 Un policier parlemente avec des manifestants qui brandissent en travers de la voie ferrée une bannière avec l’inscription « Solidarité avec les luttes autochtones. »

...

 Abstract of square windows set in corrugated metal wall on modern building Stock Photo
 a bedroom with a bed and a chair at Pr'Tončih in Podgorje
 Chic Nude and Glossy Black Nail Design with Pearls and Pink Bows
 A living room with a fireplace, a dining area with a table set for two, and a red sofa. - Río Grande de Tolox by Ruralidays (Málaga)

* * *

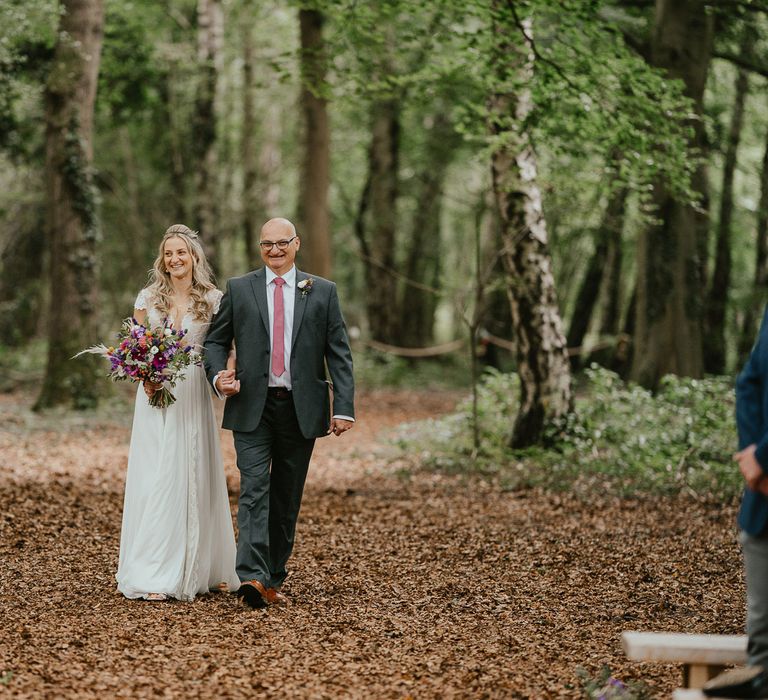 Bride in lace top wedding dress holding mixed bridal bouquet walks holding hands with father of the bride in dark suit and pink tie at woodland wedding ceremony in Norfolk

* Prompt:
Set down, exactly as they appear above, all lines from the one that has "Chic Nude and" down to the one that has "A living room", including those two and no others.

* Solution for this problem:
 Chic Nude and Glossy Black Nail Design with Pearls and Pink Bows
 A living room with a fireplace, a dining area with a table set for two, and a red sofa. - Río Grande de Tolox by Ruralidays (Málaga)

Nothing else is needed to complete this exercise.